開始から1時間ほどすると小雨になり、雨量状況は少し改善されたが、フルウエットであることには変わりはない。そうした状況で山内は5位、6位あたりのタイムを出しており、次第にセットアップの手応えが出ている様子だった。
そして最後のセッション4は、強い雨と小雨が繰り返される天候で始まったが、BRZ GT300はその厳しい条件の中で走行するマシンの中では、トップタイムを刻むようになっていく。

そうした変化は車高を変えることや、ダンパーの減衰調整、スプリングのバネレートの変更、ジオメトリーの変更を繰り返す中で、バランスのいい状況を探ることでタイムアップにつながっていた。
一方で、今季はエアロを変更し、エンジン制御のPCUを変更、シーケンシャルのパドルシフトも変え、さらにブレーキも変更というハード部品変更を行なっているが、そうしたパーツの課題は出てこないテストだったとも言えるのだ。

特に空力性能の変更は、旋回中のダウンフォースをどれだけ稼げるのかという課題に注力しており、シェイクダウンのときは旧型エアロボンネットと比較することもテストしていた。が、今回はそうした課題もなく、ドライバーからもバランスはいいとコメントが出ていた。
ブレーキはキャリパーがエンドレス製に変わり、ローターはAP製、パッドはPFC製を採用している。ただABS制御はアドヴィックスに変更しているので、それらの組み合わせも今季からの取り組みであり、多少の課題がでてもよさそうだったが、特に気になる点もないと山内、井口ともに口を揃えていた。


結局2日間の公式テストは低温で雨という悪条件だったが、チームにとっては貴重なデータ取りができたテストであり、制御が詰めきれていない箇所も明確になったわけで、小澤総監督もいいテストができたとコメントしている。

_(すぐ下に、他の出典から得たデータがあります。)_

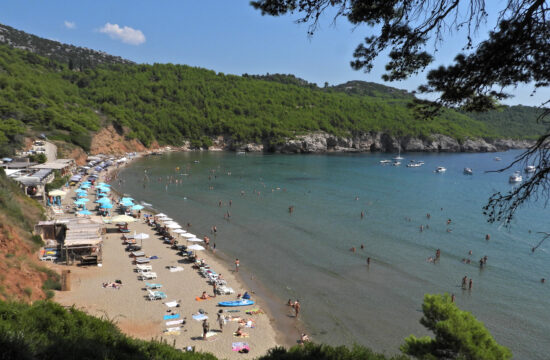 Hrvatski otok na kojem nema prometa krije jednu od najljepših pješčanih plaža.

また主にセットアップを担当した山内もウエットだから、顔を出す動きもあり、去年までのマシンとの違いも分かり、それに対して、どうセットアップしていくかという方向性も見つかったと話している。
次回は3月29日(土)、30日(日)に静岡県の富士スピードウェイで公式テストが行なわれる。シーズンインまで最後の公式テストとなり、BRZ T300の本番向けセットアップ、熟成を目指すことになるだろう。オールニューとなったBRZ GT300の成長に期待したい。